The Rush to Implement Ohio’s Largest Financial Transaction Ever

July 26, 2007

One of the problems that plague democracies is the divide between society’s interest over the long run and what is good for politicians in the short run. The latest example of this may be on display in Ohio where the state is considering exchanging the remaining funds it is due under the 1998 tobacco settlement for a lump-sum payment. If implemented, it would be the largest financial transaction in the state’s history.

The three-member Buckeye Tobacco Settlement Financing Authority is spearheading the securitization effort, arguing that if it doesn’t close the deal soon, the state is likely to get less money over the long run due, in part, to anti-smoking activities carried out by Ohio and other states.

“You have smoking bans going on around the country and many things that affect tobacco in the future,” authority member and state treasurer Richard Cordray told the Cleveland Plain Dealer. “For us to shed the risk and get a good price while the market is supportive of those prices would absolutely make sense for the state.”

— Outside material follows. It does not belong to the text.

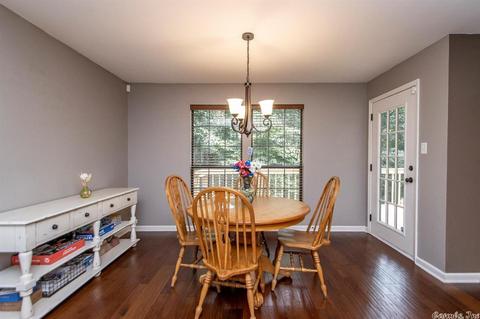 1315 River Oaks Dr, Benton, AR 72019 photo 9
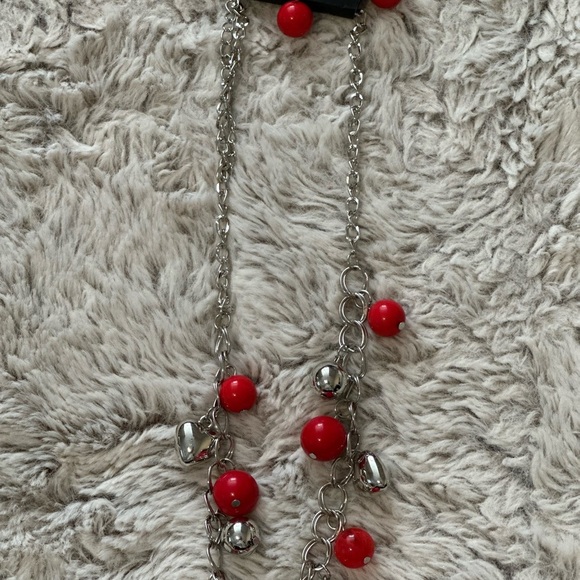 Elegant Red and Silver Beaded Necklace and earrings set - Picture 1 of 2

Of course, the idea that the sophisticated financial institutions that Cordray is attempting to sell this deal to would somehow be ignorant of these risks is laughable. What does he think their armies of analysts do? Does he really think he can pull the wool over the eyes of people with billions at stake?

What the settlement authority is doing is essentially entering into a gamble with another party. The state will “win” if, after all is said and done, the value of the lump-sum payment does indeed exceed the value of the string of payments. It will lose if this is not the case. We will not know the outcome for many years. Right now, even under ideal conditions where we assume that politicians truly represent the long-term interests of their constituents, it is essentially a 50-50 call.

Why then is the state treasurer so intent on selling this scheme to the public and getting his hands on the funds today? A cynical view is that it is simply in his interest to do so. While we cannot claim to know his motivations, it is hard to ignore the fact that his legacy will largely be determined by the apparent fiscal condition of the state during his tenure—which would undoubtedly improve with a multi-billion dollar influx of funds. A decade from now, if the state is in the throes of a fiscal crisis, the tobacco settlement funds that would have been available to help balance the budget will be but a distant memory.